行ってみると、ちょうど名古屋230さ・602のナンバーをつけたFCHV−BUSが水素ガスを充填していた。 前後して今度は名古屋230さ・603も充填に現れたが、まだ充填が終わらないのか水素ステーションの周囲を回って 順番を待っていた。
ちょっと待て・・・タイミングが良かったらFCHV−BUS同士のすれ違いのシーンが撮れるかもしれない! そう確信して待っていたら、充填を終えて出てきたばかりの603号車と貨物地区循環線の601号車が うまい具合にすれ違い、運転士に思わず親指を突き上げて「うまく撮れたぞ!!」と合図を送った。


この日は地元のバスファンS氏とのFCHV−BUS初乗りを計画していたが、幸い本人とは復路で落ちあった。

その日は名古屋に泊まり、翌7月23日も再びセントレアへ乗り込む。
名駅から直通のミュースカイは満席、金山始発の「一部指定席」特急があったのでそれに乗ったはいいが、 名古屋本線と同じパノラマスーパーが来ると思い込んで1号車の若い番号の指定席を買ったら、 来た車は無情にもミュースカイ2000系の兄弟2200系。つまりパノラマスーパーについている展望席がないのだ。 昨日は7001Fに乗れたというのに・・・
(2200は主に岐阜発着の空港特急に入っていて、豊橋発着ならパノラマスーパーがよく入っているので)

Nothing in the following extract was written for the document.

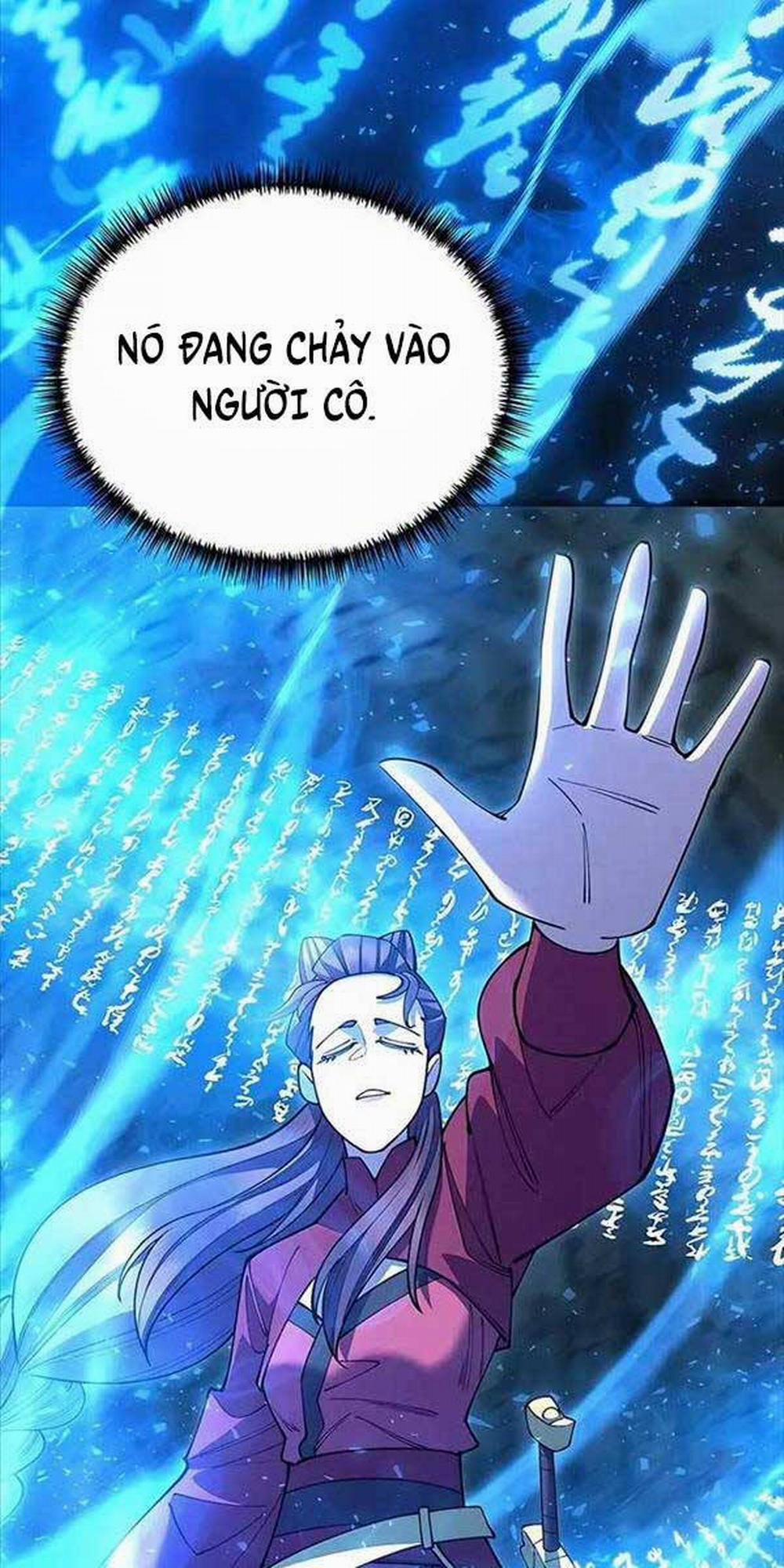 Thiên Hạ Đệ Nhất Đại Sư Huynh 51 trang 101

セントレアの展望浴場「宮の湯」(900円)で一息ついてからランプバスの撮影に着手する。 ランプバスは展望デッキの付け根部分で待機しているのだが、フォッカーやダッシュエイトが来ないことには ランプバスは動けないわけで、出番がなかなか来ない。 最悪なことに止まっている位置が悪くて、広角だろうと望遠だろうとどのレンズを使っても屋根が映り込む。 その間を国際線の撮影に回したくても、空気が汚れているのか機体が霞んで見えるので、 フィンエアーのMD11(しかもムーミン塗装)が来たというのにレジ(登録番号)すら判読できない状態・・・

一度常滑へ戻り、バス通りを歩いてあいち知多農協(JAアグリス)本店へ向かう。 常滑市内の走行シーンを撮るべく戻ったとはいえ、知多半島で見られる古い造りの家並みは見られても、 僕の求める「これぞ常滑だ」「これぞ半田だ」と思わせる所をFCHV−BUSが走っていないのが残念。 今回の所はこれで妥協し、再びセントレアに戻ったが、沿線地域らしいカットは撮り直す腹でいる。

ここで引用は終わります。